##### Data shown

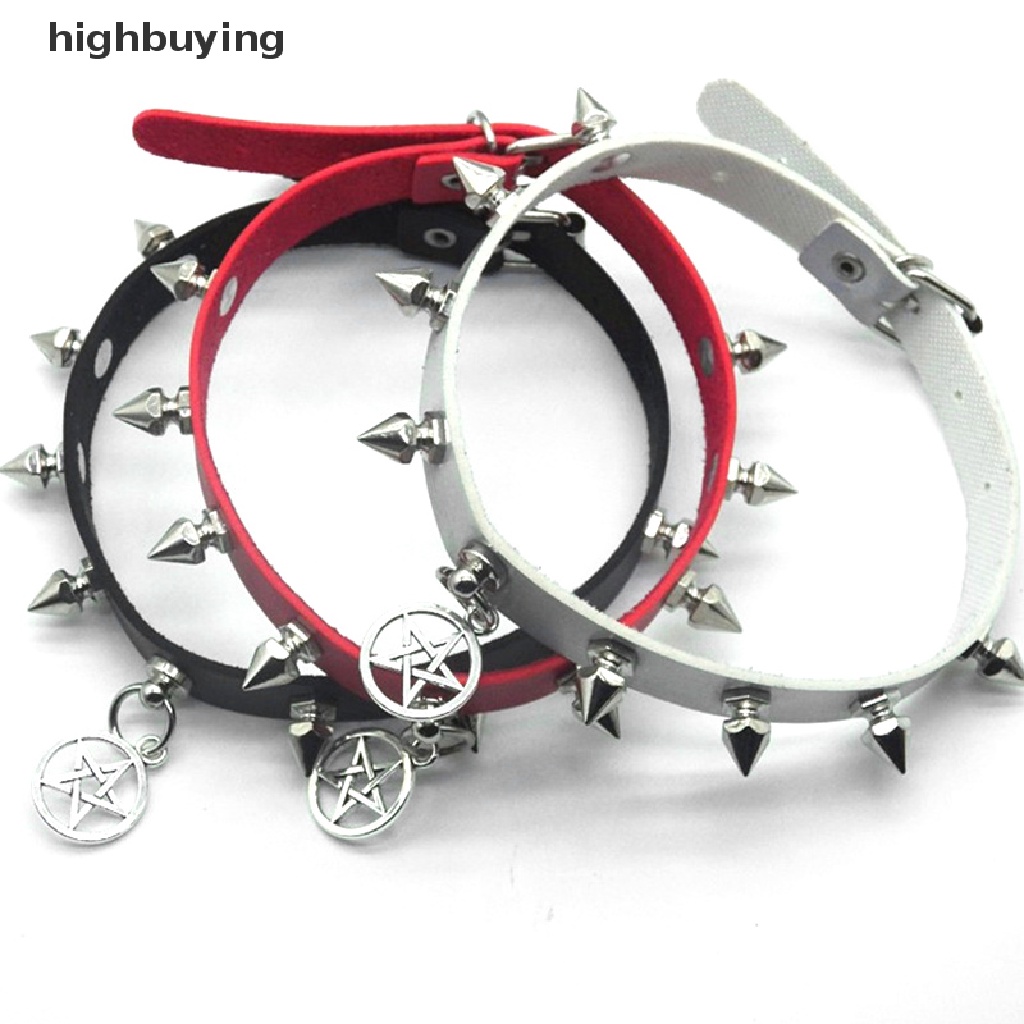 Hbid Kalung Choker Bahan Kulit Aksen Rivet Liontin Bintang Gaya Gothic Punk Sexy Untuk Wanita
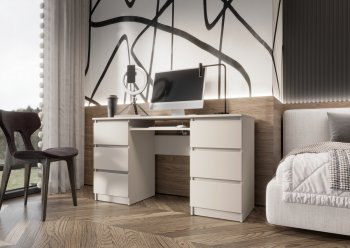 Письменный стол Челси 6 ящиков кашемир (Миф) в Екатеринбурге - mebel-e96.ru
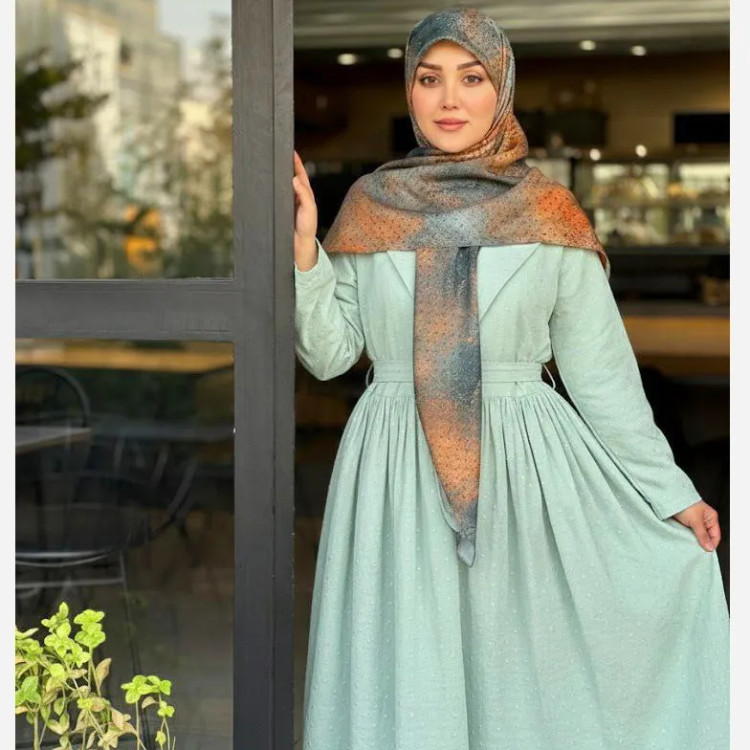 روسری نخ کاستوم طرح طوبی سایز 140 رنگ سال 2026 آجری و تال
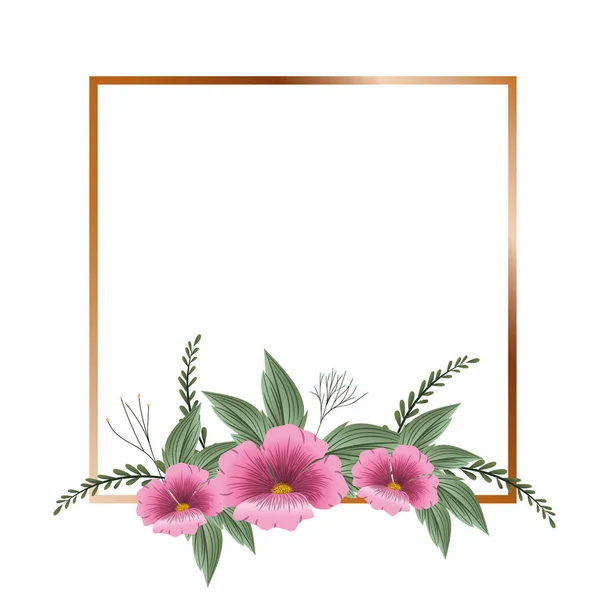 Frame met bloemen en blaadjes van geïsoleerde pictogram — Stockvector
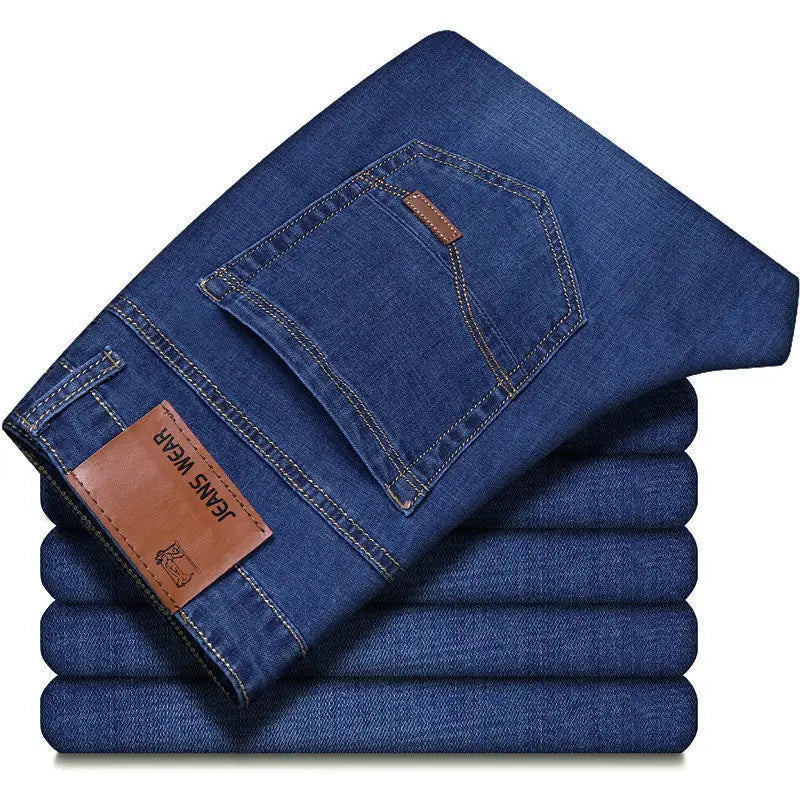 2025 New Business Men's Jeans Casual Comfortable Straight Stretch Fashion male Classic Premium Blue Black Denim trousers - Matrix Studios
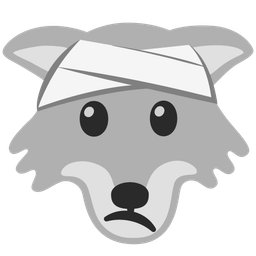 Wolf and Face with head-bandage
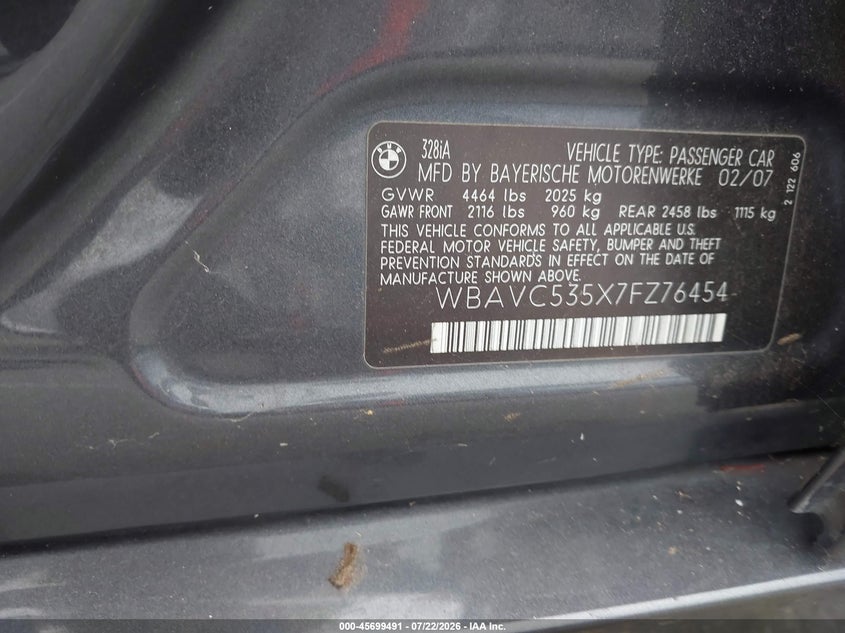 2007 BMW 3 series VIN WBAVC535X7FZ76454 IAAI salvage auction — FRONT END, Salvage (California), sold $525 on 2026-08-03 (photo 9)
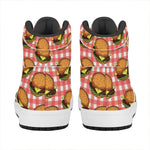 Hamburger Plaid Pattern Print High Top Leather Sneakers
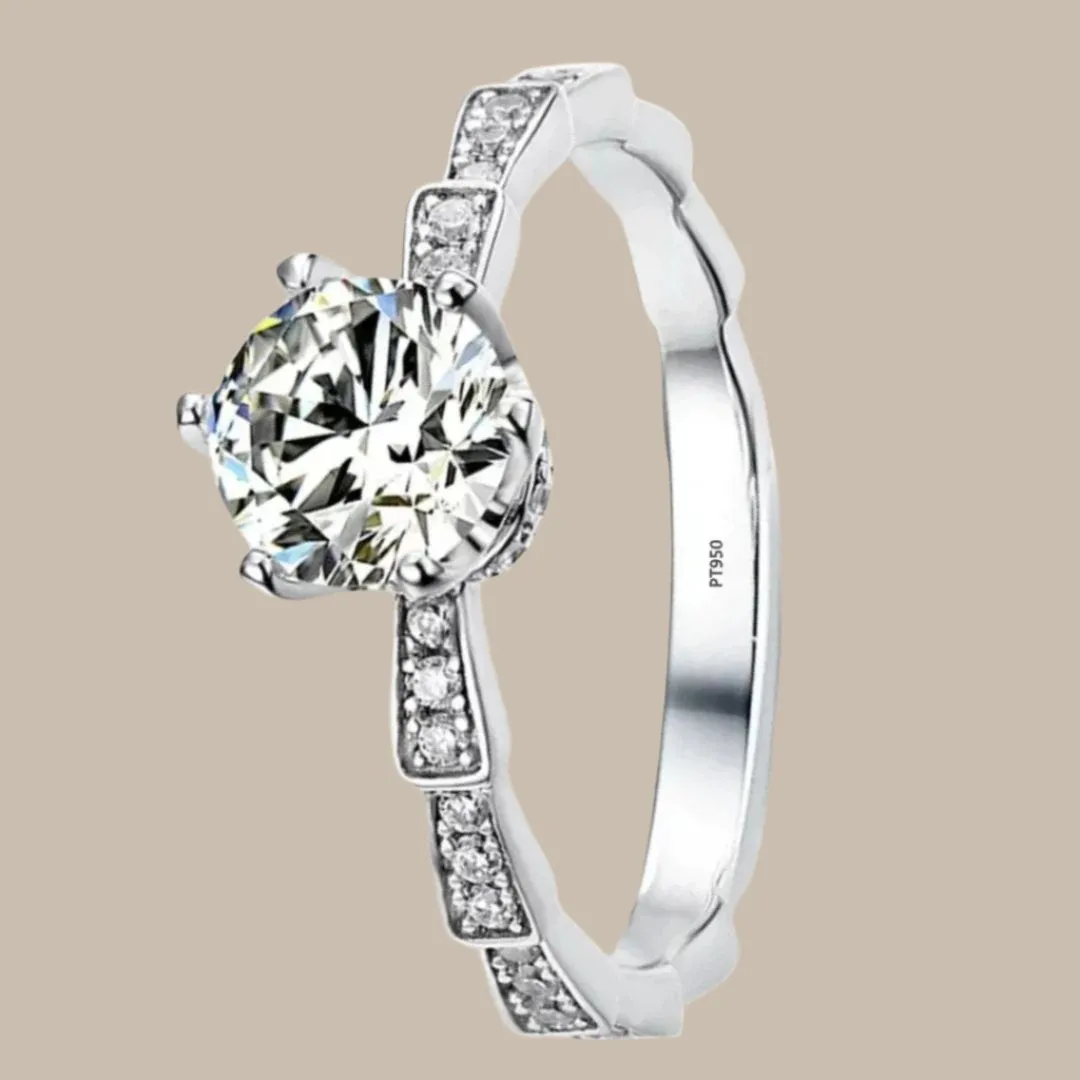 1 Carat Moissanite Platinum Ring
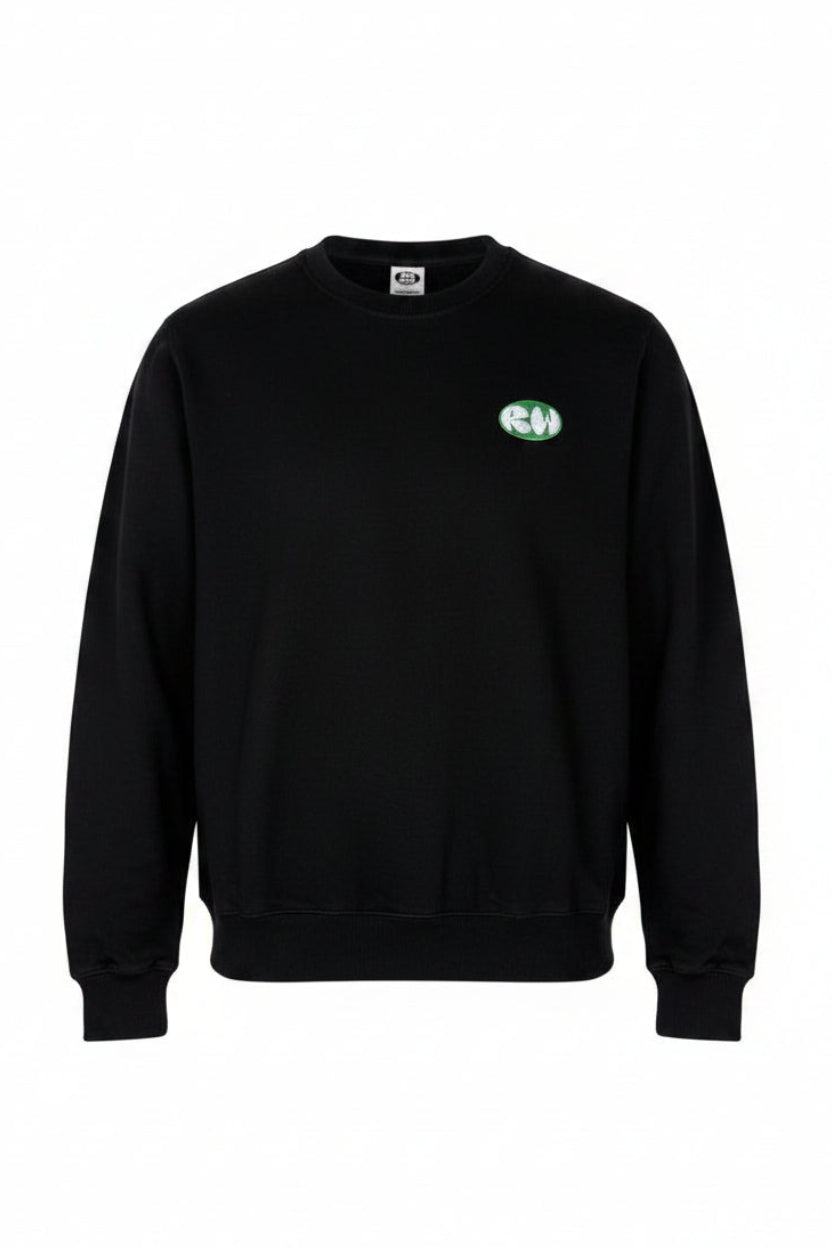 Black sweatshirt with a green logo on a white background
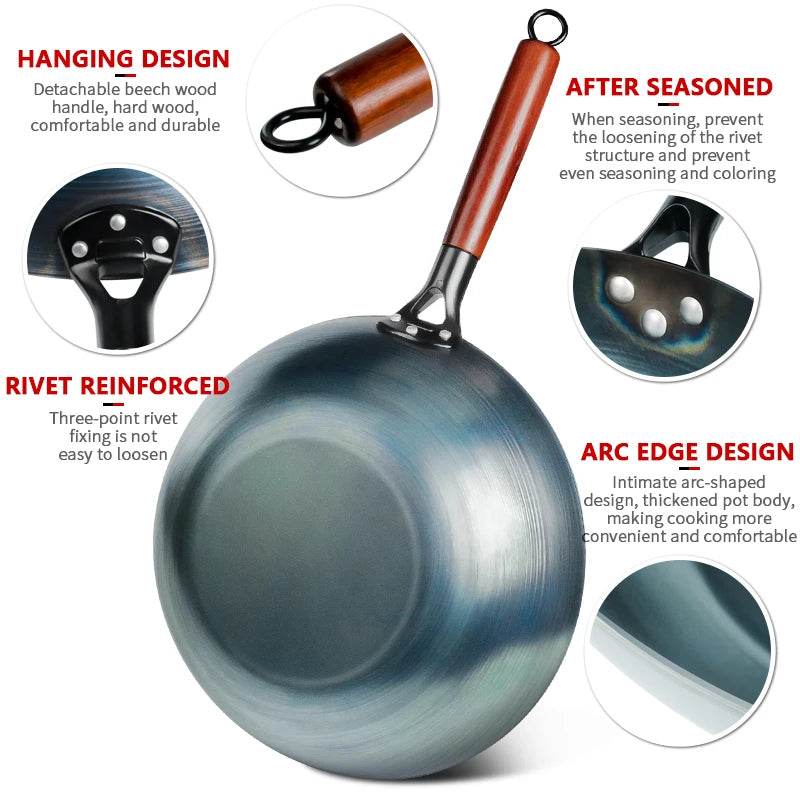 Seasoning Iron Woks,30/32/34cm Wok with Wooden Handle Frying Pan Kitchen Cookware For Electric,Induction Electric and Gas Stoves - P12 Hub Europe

##########

» **What you have to do**
An exact copy is needed. It runs from the line above containing "Письменный стол Челси" down to the line containing "Wolf and Face with head-bandage", both included, with no pictures.

» **Solution to the problem**
 Письменный стол Челси 6 ящиков кашемир (Миф) в Екатеринбурге - mebel-e96.ru
 روسری نخ کاستوم طرح طوبی سایز 140 رنگ سال 2026 آجری و تال
 Frame met bloemen en blaadjes van geïsoleerde pictogram — Stockvector
 2025 New Business Men's Jeans Casual Comfortable Straight Stretch Fashion male Classic Premium Blue Black Denim trousers - Matrix Studios
 Wolf and Face with head-bandage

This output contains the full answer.